Sementara KM Cantika Lestari 77B seharusnya bertolak kemarin, namun angin kencang memaksa penundaan. Keberangkatan dijadwalkan ulang pada 6 April 2026. Penumpang diimbau memantau informasi resmi dari UPP Kelas III Wonreli.
“Kapal keluar tergantung cuaca. Tiga kapal saja yang kami tunda keberangkatannya sementara kapal yang lain, kami tidak tahu posisinya di mana,” ujar Soplanit
Pernyataan Soplanit juga menyentuh keterbatasan informasi yang dihadapi pihak UPP. Ia mengakui bahwa dari sejumlah kapal yang beroperasi di wilayah perairan MBD, hanya tiga kapal tersebut yang statusnya dapat dipantau dan dikonfirmasi secara resmi. Untuk kapal-kapal lainnya, koordinasi posisi menjadi tantangan tersendiri di tengah kondisi cuaca yang tidak bersahabat.

Sumber: BalobeNews
Penundaan ini terjadi di tengah masa sibuk arus mudik dan arus balik Lebaran 2026. Kondisi cuaca yang memburuk justru berpotensi memperparah kepadatan penumpang yang menumpuk di pelabuhan, mengingat Posko Lebaran di UPP Wonreli baru akan resmi ditutup pada 31 Maret 2026.

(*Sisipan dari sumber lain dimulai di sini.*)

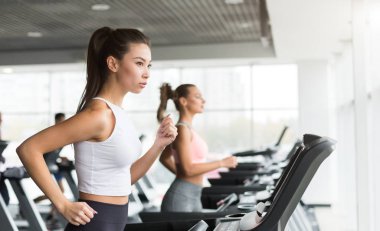Koşu bandı üzerinde çalışan kadınlar kardiyo yaparak spor salonunda egzersiz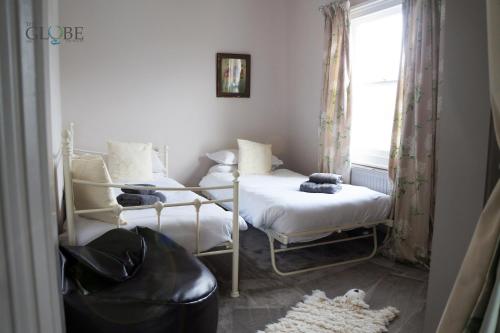 a bedroom with two beds and a window at The Globe Angle in Pembrokeshire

Data UPP Wonreli mencatat kenaikan signifikan pada arus mudik Lebaran 2026. Jika tahun lalu angka arus mudik dan balik berada di kisaran 60 persen, tahun ini melonjak menjadi 70 persen naik 10 persen dibanding periode yang sama tahun 2025. Lonjakan ini menjadi tantangan tambahan di tengah situasi cuaca yang belum memungkinkan pelayaran optimal.
Soplanit mengimbau seluruh calon penumpang untuk senantiasa memantau perkembangan informasi cuaca dan jadwal keberangkatan kapal melalui pihak berwenang sebelum menuju pelabuhan. Keselamatan jiwa di laut, tegasnya, tidak dapat dikompromikan dengan alasan apapun, termasuk desakan jadwal perjalanan musim mudik.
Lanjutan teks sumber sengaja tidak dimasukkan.